SEMARANG – Berdasarkan hasil pemantauan isi siaran, Komisi Penyiaran Indonesia Daerah (KPID) Jawa Tengah memberikan rekomendasi teguran dan penghentian program acara kepada Komisi Penyiaran Indonesia (KPI) Pusat.

Ketua KPID Jateng, Budi Setyo Purnomo mengatakan, berdasarkan rapat pleno, dan masukan dari tokoh masyarakat, beberapa isi siaran ada yang direkomendasikan untuk dihentikan penayangannya. “Laporan pelanggaran ada yang didapat langsung dari hasil monitor tim pemantau terhadap isi siaran. Ada juga dari laporan masyarakat. Kami merekomendasikan dan berkoordinasi dengan KPI Pusat,” katanya

Komisioner Bidang Isi Siaran KPID Jateng, Sonakha Yuda Laksono, mengatakan beberapa isi siaran yang direkomendasikan untuk dihentikan tersebut di antaranya, sinetron Anak langit yang ditayangkan oleh SCTV, karena dalam adegannya acap kali menampilkan kekerasan.
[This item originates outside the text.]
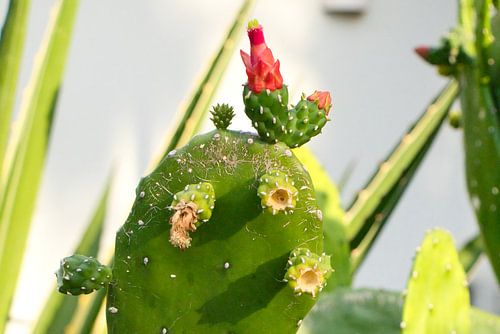 Cactus met roze bloem op Curacao, Nederlandse Antillen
Misalnya pada penayangan tanggal 26 Februari 2019 menampilkan adegan tawuran antar geng, dan penayangan tanggal 1 Maret 2019 terdapat adegan salah satu anggota geng motor menghina pelayan restoran dengan berkata “lihat aja mukenye kaya pantat ayam”. Landasan hukum pelanggarannya yakni SPS Bab XIII Pasal 23 huruf(a) dan Pasal 24 ayat 1.

Juga merekomendasikan pemberhentian program acara L.O.L yang ditayangkan oleh Trans TV, karena video yang dipilih untuk ditayangkan tidak memperhatikan norma kesopanan dan kesusilaan. Landasan hukum pelanggarannya yakni Standar Program Siaran (SPS) Bab V Pasal 9.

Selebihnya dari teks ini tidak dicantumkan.